Jim kept coming up with ideas like that, and talking us into risking our asses to make them work. He's the guy who taught me photography. We spent a bazillion hours together in a small darkroom at King's College where we were, I guess, the photography departments for the school paper, the literary magazine, and the yearbook. We also freelanced and sold pix to the local papers and some mags.

Lenny sent me this diptych last night. The originals had faded and frankly I was pretty sloppy back then, losing the battle against the dust storm that swirled in that darkroom. It was nice to have a second shot at them after forty eight years. I'm a lot more meticulous now and I've scraped away most of the lint, motes, and dribble that covered the images like a Spring snow.
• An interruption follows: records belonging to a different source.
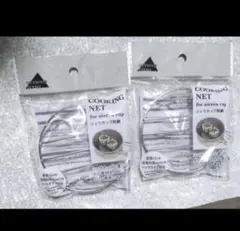 Item thumbnail for item 78daa7d4-126f-4fdd-a025-dba6ce1ce856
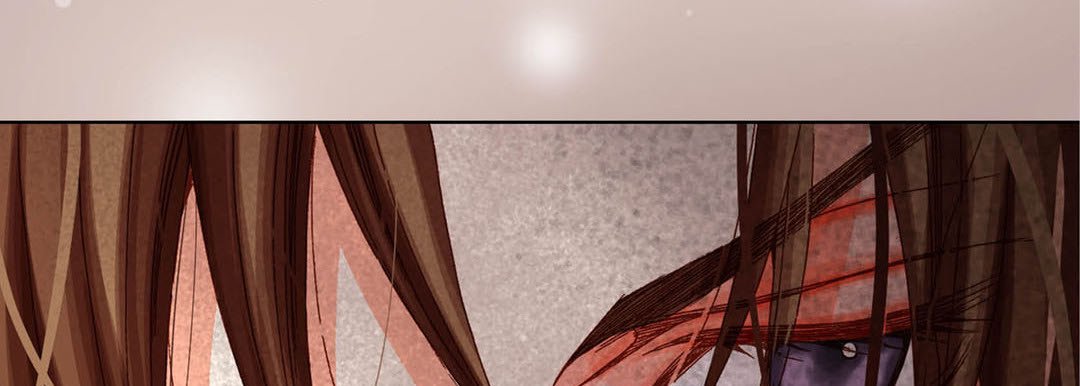 Read Totally Captivated Stories chapter 47 image 69 on Lezhin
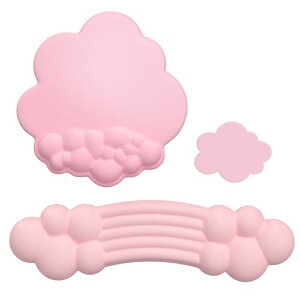 MAMBASNAKEXgXgA[XgJyᔽNbVL[{[hXgXgƃ}EXpbhZbgXgXǧ^}EXpbhnhXg-킢NbV_炩c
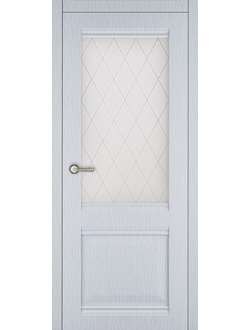 Межкомнатные двери в интерьере квартиры фото. Производители межкомнатных дверей в Самаре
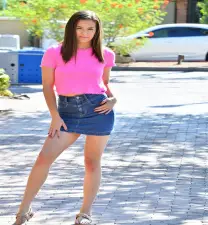 Πωλούνται γυναικεία  Ρούχα Εποχής Πωλούνται γυναικεία  Ρούχα Εποχής - αγγελίες για Ρούχα - Παπούτσια - Αξεσουάρ σε Πειραιας - Πωλούνται στο Νομό Αττικής - Πειραιώς / Νήσων, Αττική - FreeList.gr aggelia 302900 (μικρογραφία 2)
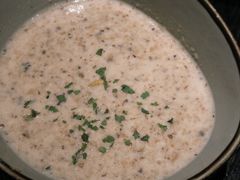 -Pennehut畔尼意面(合肥万象城店)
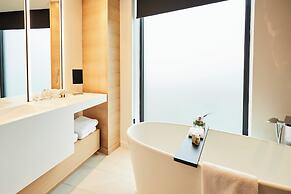 Le Germain Hotel Ottawa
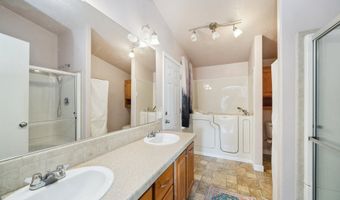 7998 14TH St, Bay City, OR 97107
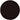 Sola Lunasol Glasunter. rund schwarz - 1547536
Judging by the St. Patrick's Day Sale in that paper, it was early Spring when we did this thing.So there was probably as much white stuff on the ground outside as I left on these pix. Still, try as I might I couldn't restore one aspect of that cool evening. There was no real way to bring Jim back. He died recently. At least his body did. But that smile... that cheer... those ideas and feelings... They're just as real as my memories of two friends dangling from that ceiling and the way we laughed and still do... all three of us. Len and I here and I'm sure Jim somewhere else.

If it's a battle between death and Jim's warmth... Death runs a poor second.

Tuesday, October 20

Obsession?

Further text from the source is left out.